[Caption-style text data]
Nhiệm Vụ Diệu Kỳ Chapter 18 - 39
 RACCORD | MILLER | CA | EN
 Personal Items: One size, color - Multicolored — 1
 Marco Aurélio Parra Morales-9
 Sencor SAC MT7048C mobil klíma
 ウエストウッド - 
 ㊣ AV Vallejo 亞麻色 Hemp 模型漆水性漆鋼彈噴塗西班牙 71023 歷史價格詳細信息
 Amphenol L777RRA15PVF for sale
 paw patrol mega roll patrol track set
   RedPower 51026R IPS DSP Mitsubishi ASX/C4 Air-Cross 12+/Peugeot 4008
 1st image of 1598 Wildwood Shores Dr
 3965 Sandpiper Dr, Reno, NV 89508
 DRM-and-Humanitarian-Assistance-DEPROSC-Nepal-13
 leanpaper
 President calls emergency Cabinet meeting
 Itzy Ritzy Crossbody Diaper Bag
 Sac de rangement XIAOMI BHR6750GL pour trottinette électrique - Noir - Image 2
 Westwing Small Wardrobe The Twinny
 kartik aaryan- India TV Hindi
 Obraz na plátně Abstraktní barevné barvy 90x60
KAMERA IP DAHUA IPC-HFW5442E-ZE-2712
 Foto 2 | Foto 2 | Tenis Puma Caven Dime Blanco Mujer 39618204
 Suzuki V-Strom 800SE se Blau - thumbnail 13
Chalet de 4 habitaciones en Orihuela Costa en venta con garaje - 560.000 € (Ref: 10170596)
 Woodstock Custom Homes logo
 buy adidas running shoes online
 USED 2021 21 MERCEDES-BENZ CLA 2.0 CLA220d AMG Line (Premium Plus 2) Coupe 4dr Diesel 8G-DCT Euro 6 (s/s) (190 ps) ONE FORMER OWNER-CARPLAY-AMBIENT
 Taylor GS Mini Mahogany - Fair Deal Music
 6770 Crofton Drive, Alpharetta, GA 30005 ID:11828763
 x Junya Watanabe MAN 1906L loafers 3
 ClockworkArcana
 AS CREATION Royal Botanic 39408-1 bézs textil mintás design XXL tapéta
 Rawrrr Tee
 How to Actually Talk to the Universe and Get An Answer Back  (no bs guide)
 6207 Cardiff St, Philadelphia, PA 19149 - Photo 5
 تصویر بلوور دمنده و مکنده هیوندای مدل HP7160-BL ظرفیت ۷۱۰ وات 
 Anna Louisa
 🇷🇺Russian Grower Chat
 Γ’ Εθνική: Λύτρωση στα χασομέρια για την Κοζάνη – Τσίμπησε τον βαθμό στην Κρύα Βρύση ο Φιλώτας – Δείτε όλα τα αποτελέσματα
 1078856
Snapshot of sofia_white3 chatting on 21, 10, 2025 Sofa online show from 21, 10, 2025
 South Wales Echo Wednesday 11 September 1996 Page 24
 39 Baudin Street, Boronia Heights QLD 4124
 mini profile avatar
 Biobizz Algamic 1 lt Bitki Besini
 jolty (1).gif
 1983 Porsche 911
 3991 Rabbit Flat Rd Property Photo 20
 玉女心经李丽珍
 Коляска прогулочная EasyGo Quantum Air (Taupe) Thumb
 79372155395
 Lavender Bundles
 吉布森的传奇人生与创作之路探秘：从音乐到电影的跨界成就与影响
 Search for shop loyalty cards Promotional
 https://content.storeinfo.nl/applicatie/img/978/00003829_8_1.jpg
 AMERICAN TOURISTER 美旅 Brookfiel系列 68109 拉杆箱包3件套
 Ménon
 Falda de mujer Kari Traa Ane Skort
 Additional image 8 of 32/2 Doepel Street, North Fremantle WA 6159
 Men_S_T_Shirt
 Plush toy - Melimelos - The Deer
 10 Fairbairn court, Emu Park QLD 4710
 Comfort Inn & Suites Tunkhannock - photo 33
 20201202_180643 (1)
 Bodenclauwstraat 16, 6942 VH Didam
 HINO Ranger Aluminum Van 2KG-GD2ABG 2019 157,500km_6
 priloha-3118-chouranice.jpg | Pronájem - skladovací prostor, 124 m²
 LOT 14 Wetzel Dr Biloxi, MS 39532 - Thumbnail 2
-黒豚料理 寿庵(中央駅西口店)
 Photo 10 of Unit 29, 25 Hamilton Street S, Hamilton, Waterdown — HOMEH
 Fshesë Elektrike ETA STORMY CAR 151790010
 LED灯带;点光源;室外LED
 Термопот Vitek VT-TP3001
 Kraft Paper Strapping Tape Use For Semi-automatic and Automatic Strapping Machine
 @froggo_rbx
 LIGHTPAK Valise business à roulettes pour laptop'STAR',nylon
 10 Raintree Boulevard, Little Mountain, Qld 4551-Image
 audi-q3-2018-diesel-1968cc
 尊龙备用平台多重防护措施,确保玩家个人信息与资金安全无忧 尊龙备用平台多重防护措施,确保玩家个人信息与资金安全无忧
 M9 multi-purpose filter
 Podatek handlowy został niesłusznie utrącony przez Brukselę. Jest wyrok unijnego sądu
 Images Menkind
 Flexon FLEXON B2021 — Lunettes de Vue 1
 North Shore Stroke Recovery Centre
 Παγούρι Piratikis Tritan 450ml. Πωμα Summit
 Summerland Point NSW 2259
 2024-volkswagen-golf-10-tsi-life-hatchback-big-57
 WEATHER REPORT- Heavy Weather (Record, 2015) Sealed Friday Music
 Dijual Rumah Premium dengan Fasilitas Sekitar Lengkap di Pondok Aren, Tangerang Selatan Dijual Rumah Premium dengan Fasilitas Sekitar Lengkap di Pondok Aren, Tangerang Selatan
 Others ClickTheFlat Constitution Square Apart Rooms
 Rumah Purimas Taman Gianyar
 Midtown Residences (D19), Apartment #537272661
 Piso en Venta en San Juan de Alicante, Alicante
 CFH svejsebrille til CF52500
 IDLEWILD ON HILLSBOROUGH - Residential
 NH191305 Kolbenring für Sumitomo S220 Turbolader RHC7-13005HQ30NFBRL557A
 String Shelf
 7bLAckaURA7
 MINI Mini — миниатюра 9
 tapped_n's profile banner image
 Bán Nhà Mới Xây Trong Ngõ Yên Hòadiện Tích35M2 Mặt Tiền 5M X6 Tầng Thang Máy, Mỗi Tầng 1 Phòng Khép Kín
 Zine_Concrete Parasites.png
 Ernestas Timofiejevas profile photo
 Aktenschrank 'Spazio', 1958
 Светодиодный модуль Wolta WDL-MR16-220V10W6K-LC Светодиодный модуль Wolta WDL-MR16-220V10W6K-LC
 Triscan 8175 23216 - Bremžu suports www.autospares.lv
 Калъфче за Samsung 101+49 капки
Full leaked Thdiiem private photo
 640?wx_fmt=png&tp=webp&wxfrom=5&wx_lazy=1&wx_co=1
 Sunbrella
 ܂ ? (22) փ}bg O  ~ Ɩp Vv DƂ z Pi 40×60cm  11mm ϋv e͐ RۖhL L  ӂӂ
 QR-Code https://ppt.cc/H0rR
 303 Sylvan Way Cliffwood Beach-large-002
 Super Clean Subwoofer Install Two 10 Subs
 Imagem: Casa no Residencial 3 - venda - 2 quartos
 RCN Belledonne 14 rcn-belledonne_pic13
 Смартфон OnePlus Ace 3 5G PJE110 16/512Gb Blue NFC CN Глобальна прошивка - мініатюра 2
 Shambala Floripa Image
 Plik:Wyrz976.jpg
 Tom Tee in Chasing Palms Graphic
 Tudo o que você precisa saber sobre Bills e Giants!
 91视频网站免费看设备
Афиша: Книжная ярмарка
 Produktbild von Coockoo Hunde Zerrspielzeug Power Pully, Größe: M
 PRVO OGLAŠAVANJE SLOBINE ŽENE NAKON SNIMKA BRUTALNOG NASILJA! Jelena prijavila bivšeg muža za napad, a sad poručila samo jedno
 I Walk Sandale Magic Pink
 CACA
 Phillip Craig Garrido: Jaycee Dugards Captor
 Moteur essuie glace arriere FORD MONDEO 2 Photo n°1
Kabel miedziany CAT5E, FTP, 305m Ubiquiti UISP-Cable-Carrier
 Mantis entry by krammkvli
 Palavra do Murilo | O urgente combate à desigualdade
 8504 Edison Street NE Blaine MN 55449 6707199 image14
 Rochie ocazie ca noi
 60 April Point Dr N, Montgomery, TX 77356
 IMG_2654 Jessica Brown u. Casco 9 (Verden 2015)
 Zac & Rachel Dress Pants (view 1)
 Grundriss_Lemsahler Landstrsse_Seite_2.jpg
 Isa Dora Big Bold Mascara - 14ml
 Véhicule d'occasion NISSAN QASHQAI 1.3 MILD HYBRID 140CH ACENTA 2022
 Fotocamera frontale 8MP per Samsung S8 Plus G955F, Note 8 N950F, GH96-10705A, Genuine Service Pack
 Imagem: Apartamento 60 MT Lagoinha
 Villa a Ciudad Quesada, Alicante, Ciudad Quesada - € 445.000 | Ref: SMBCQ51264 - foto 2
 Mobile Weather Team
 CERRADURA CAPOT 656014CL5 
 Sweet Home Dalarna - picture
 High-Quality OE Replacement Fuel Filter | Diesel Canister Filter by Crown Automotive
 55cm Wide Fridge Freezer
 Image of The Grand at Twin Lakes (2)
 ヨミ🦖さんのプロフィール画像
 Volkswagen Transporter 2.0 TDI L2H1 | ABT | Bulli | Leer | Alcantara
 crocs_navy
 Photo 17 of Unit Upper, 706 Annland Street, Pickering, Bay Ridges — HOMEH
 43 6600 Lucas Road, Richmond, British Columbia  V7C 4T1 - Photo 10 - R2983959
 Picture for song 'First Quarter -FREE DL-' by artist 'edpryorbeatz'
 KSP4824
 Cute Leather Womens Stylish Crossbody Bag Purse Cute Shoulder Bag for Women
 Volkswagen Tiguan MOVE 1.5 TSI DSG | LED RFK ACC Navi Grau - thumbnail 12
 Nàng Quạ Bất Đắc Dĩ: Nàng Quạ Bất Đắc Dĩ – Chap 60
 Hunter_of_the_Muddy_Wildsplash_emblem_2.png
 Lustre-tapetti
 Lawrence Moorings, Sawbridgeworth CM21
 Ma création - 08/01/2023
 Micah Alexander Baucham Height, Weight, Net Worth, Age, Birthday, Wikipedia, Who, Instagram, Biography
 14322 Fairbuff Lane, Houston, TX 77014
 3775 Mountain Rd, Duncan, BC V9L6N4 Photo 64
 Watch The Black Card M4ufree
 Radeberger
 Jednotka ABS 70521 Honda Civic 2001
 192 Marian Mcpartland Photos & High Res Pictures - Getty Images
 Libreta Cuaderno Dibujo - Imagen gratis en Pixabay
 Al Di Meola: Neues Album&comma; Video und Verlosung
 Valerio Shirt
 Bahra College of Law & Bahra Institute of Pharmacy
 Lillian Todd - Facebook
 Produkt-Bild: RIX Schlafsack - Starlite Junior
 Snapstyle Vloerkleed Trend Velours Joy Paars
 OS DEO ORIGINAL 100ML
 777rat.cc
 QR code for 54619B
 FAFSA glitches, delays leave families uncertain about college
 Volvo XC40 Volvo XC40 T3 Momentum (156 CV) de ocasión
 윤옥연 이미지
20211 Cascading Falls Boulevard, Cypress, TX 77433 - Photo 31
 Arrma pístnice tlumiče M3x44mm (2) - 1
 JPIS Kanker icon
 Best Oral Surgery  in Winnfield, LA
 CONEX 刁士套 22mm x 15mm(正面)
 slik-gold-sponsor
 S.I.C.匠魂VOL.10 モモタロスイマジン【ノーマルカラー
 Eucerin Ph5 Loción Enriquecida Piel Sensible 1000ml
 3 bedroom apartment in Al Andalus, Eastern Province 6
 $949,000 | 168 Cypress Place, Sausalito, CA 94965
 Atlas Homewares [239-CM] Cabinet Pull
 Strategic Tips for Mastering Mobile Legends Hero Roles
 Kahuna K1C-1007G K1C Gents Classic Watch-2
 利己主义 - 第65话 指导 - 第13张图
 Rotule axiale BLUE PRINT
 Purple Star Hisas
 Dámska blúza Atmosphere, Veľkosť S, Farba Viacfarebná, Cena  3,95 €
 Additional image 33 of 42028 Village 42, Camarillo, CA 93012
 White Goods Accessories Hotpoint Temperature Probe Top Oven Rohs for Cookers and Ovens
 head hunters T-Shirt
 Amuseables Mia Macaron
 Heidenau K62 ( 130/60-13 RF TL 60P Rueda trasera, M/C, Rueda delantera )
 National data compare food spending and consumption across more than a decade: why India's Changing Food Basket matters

== Work order ==
Take every line from the data above that holds "North" and copy it out.

== Result ==
 Additional image 8 of 32/2 Doepel Street, North Fremantle WA 6159
 North Shore Stroke Recovery Centre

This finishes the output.